Un appel à l’État : prévenir plutôt que subir
Face à ce conflit qui mine la paix sociale, les habitants d’Abobo-Kpoguédé lancent un cri d’alarme aux autorités togolaises notamment au ministre togolais de l’Administration territoriale Colonel Hodabalo AWATE, et au Président du conseil national, Faure Gnassingbé . Ils demandent une clarification définitive de la situation, une réaffirmation du respect des décisions antérieures, et une action ferme contre toute tentative de division manipulée.

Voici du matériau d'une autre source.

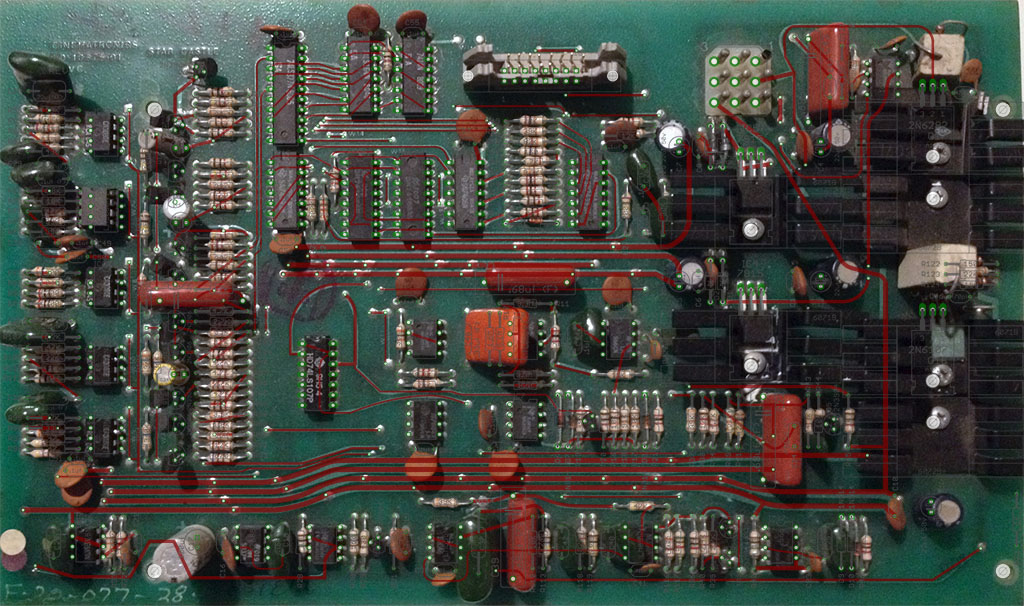 Star Castle Reproduction Audio PCB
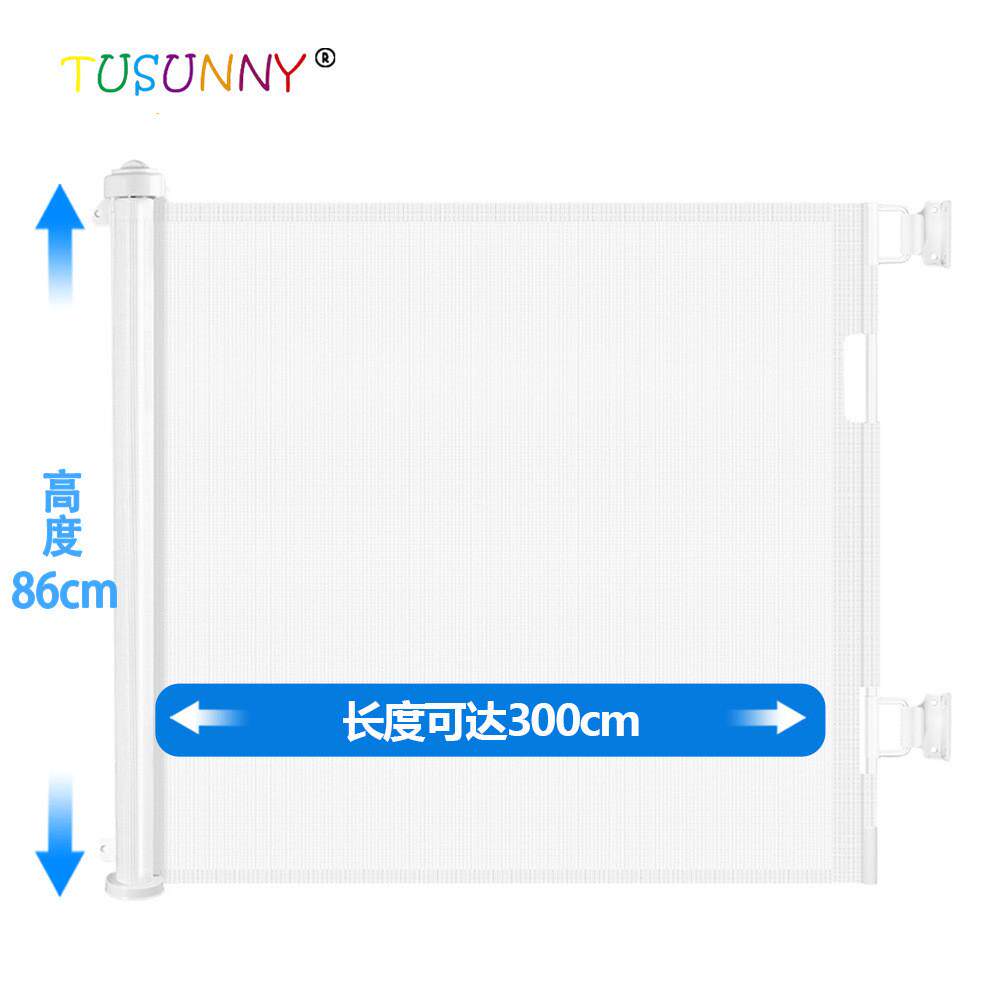 工厂儿童安全门栏宠物围栏可伸缩安全围栏楼梯门栏伸缩防护栏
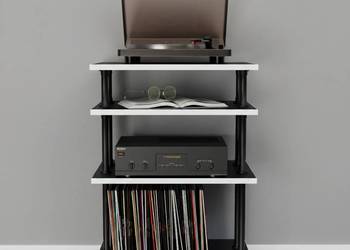 Regał hi-fi stolik na płyty winylowe szafka loft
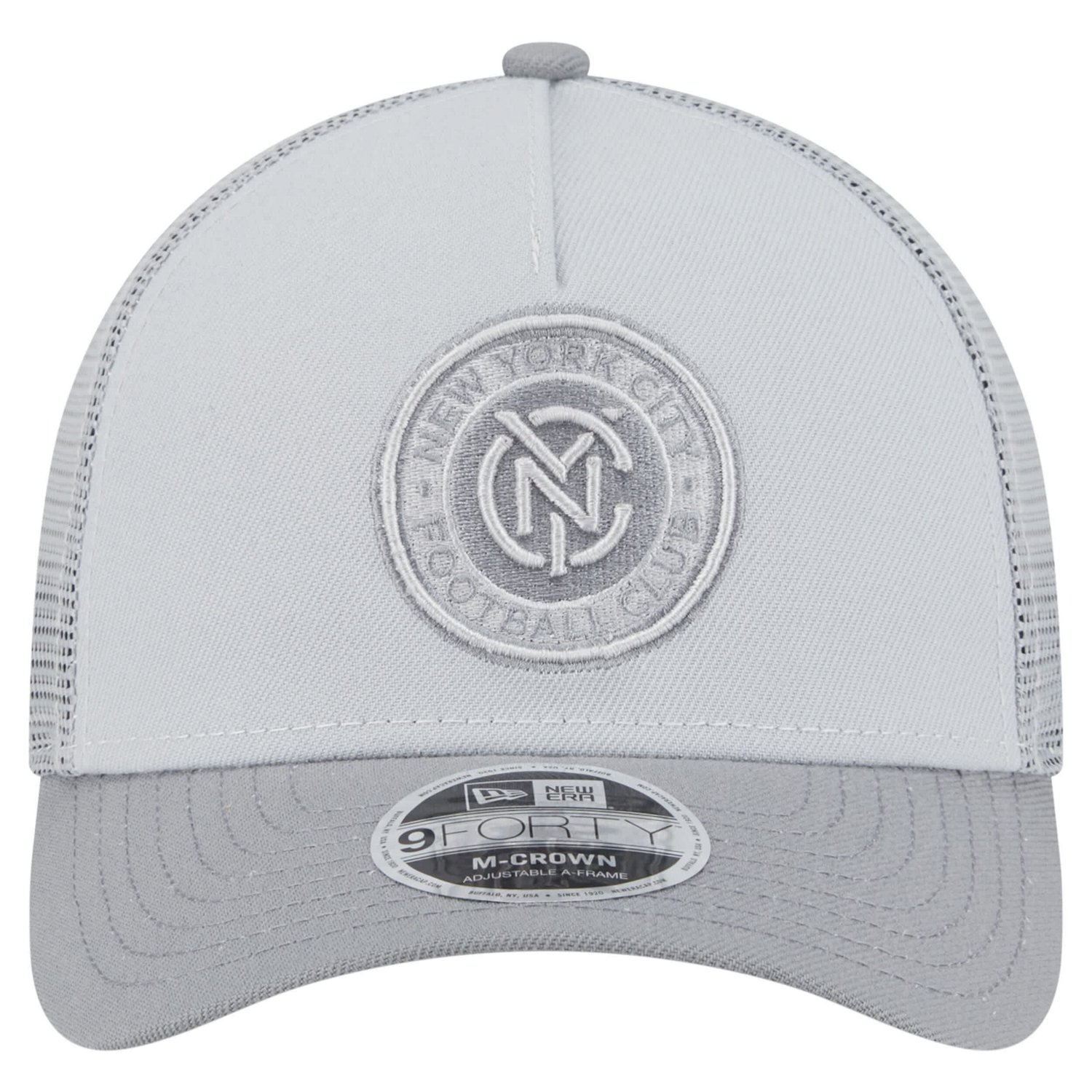 New Era New York City FC Color Pack 9FORTY A-Frame Adjustable Trucker Hat - view number 2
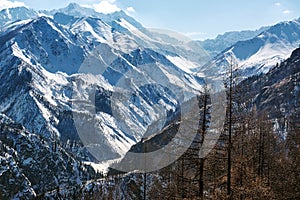 View of the Munku-Sardyk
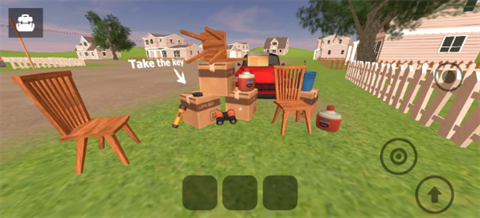 愤怒的邻居一家三口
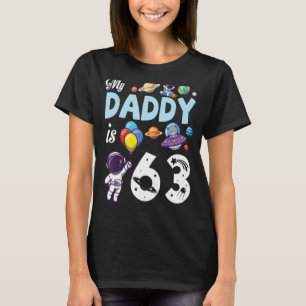 Camiseta Meu Pai Tem 63 Anos Feliz Dia Pai Filho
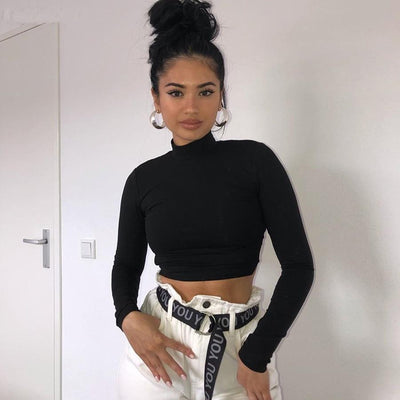 Blusa de Manga Larga con Cordones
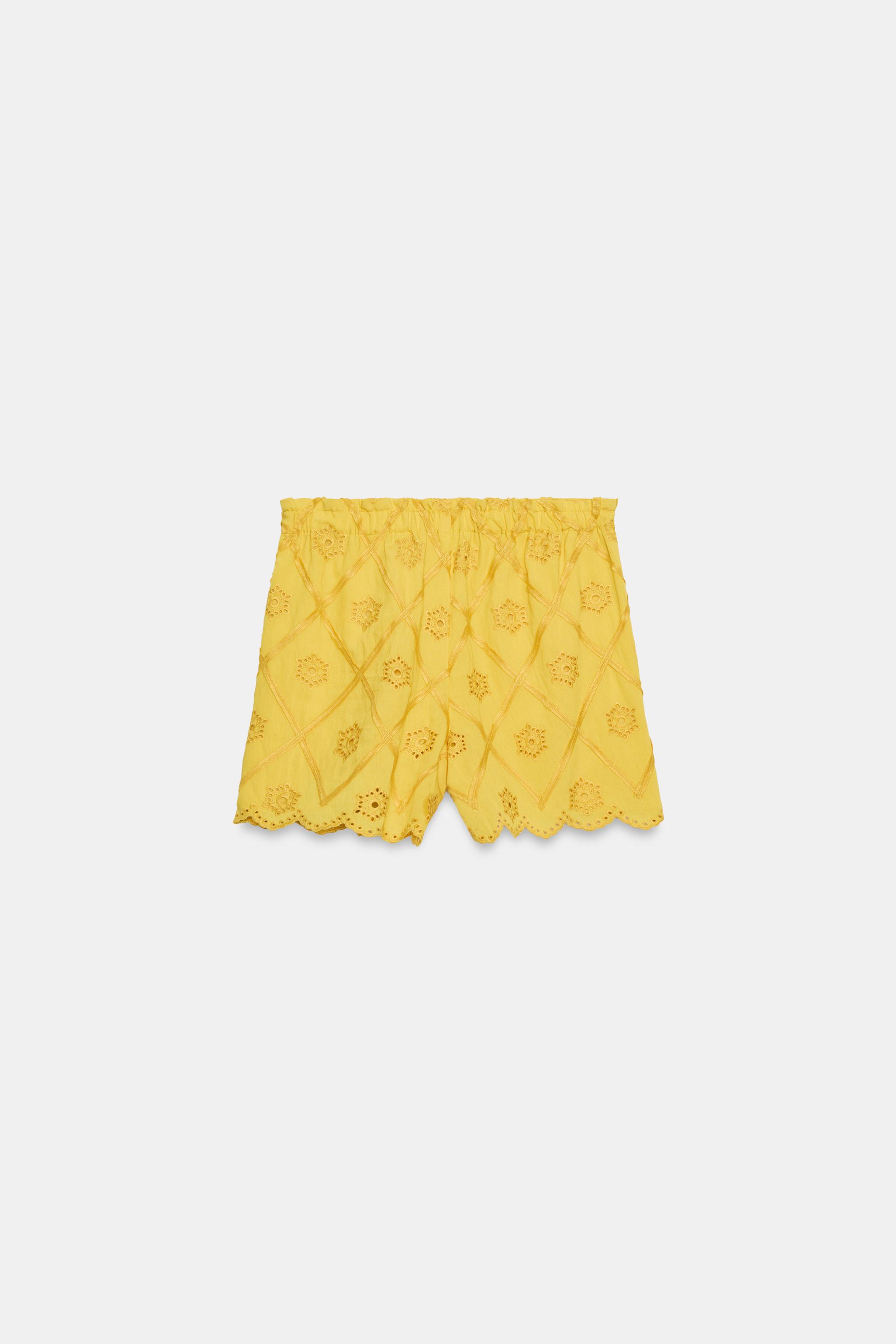 SHORT BRODERIES AJOURÉES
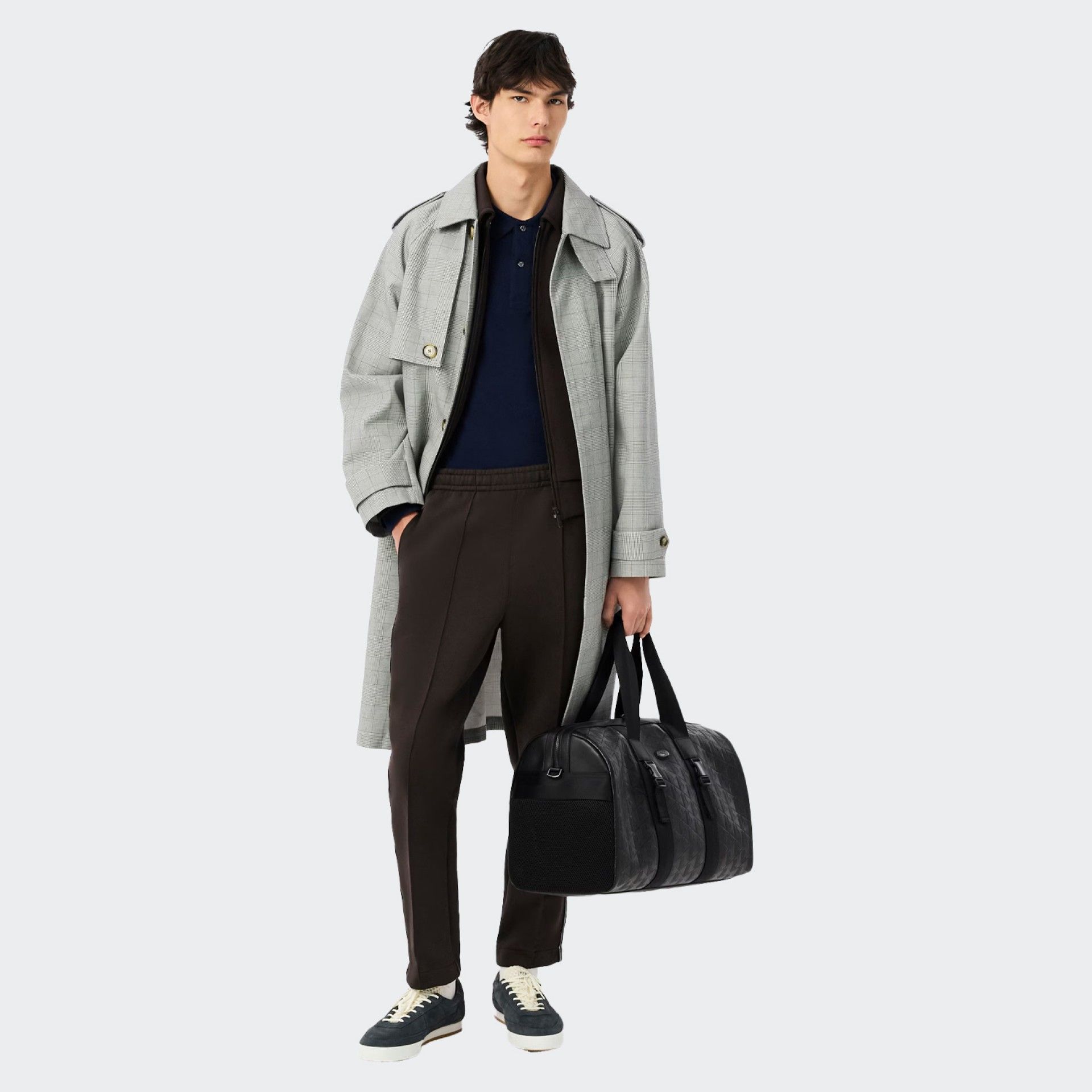 Lacoste Brown Tracksuit Bottoms
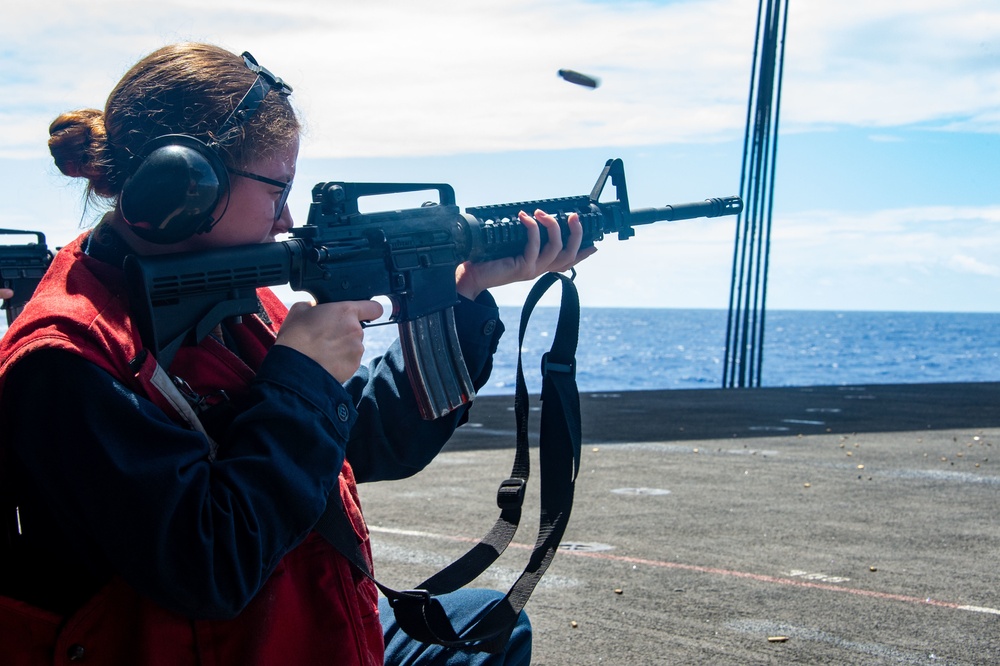 USS Carl Vinson Conducts Live Fire Exercise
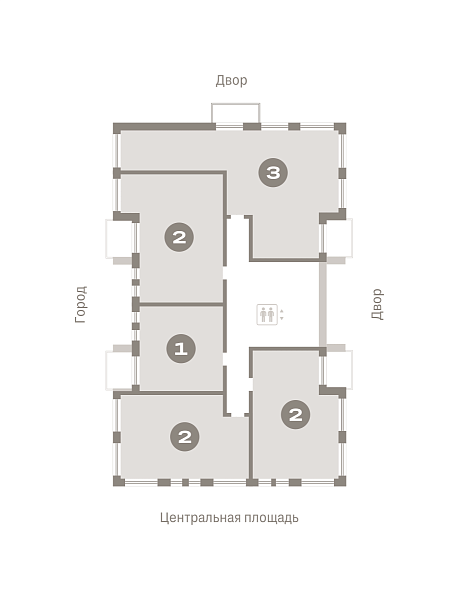 Количество комнат: 2,  71.3 кв.м.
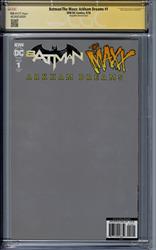 Batman/The Maxx: Arkham Dreams #1 CGC 9.8 Signature Series Signed by Johnny Desjardins (Desjardins Variant Cover) 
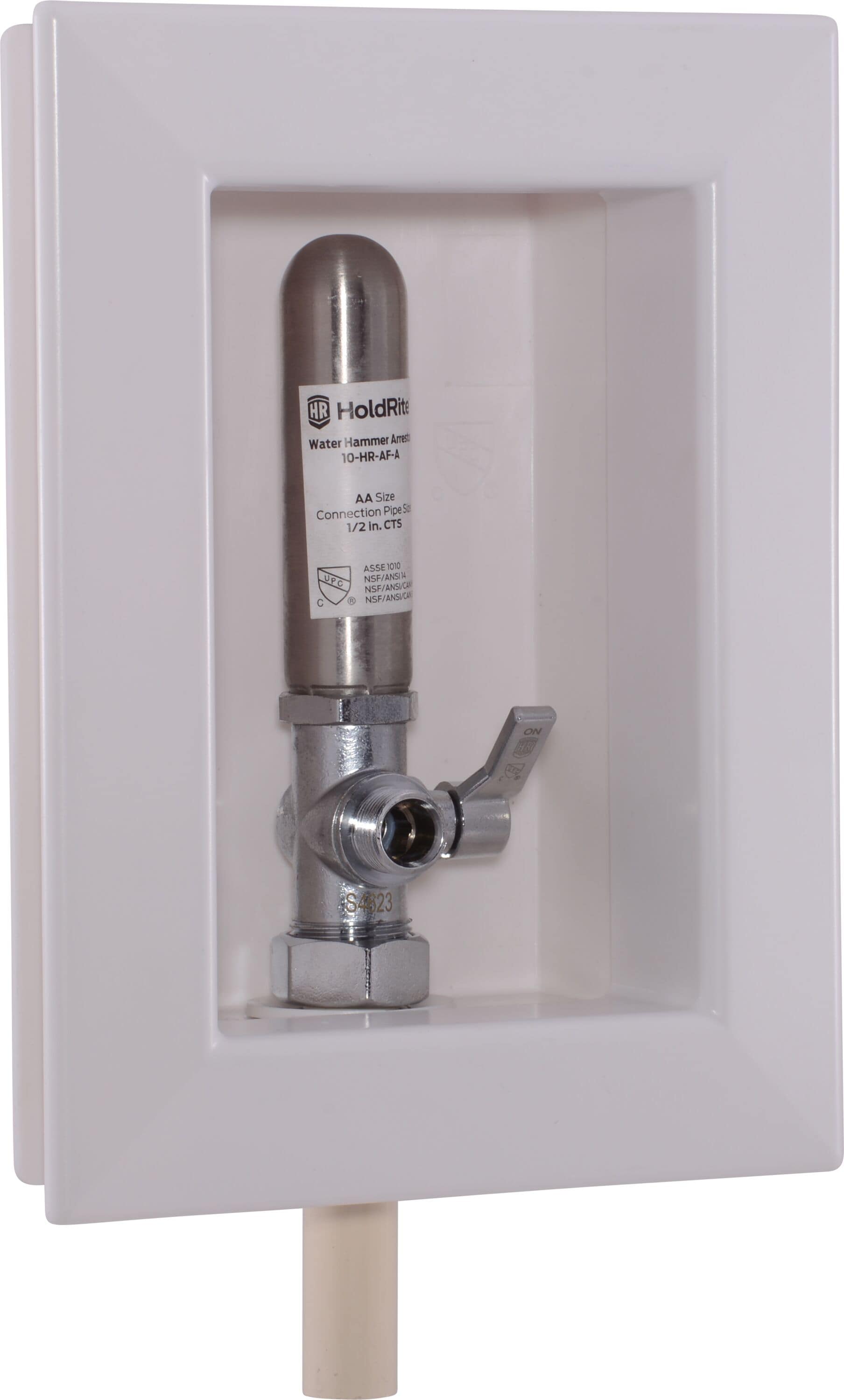 HoldRite Quarter turn ball valve PEX Ice maker Outlet Box #HR-AFA-C-1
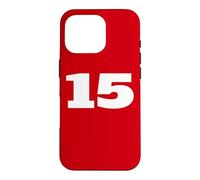 Number 15 Fifteen Sports Team FRONT PRINT Matching Birthday Case for iPhone 16 Pro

Dans un contexte national où la stabilité des communautés reste essentielle au développement, il est impératif que l’État joue pleinement son rôle d’arbitre. Le silence ou l’inaction pourrait avoir un coût humain et social bien plus élevé qu’une résolution anticipée du conflit.
Contacté pour réagir à la situation, Togbui Dekpanhu Yawovi Agbadan Gafa IV, chef reconnu par les textes de 2013, appelle au dialogue mais reste ferme sur la légitimité historique de sa collectivité.
“Nous ne voulons pas de conflit, mais nous n’accepterons pas l’usurpation de notre chefferie. La paix n’est possible que dans la vérité”, affirme-t-il.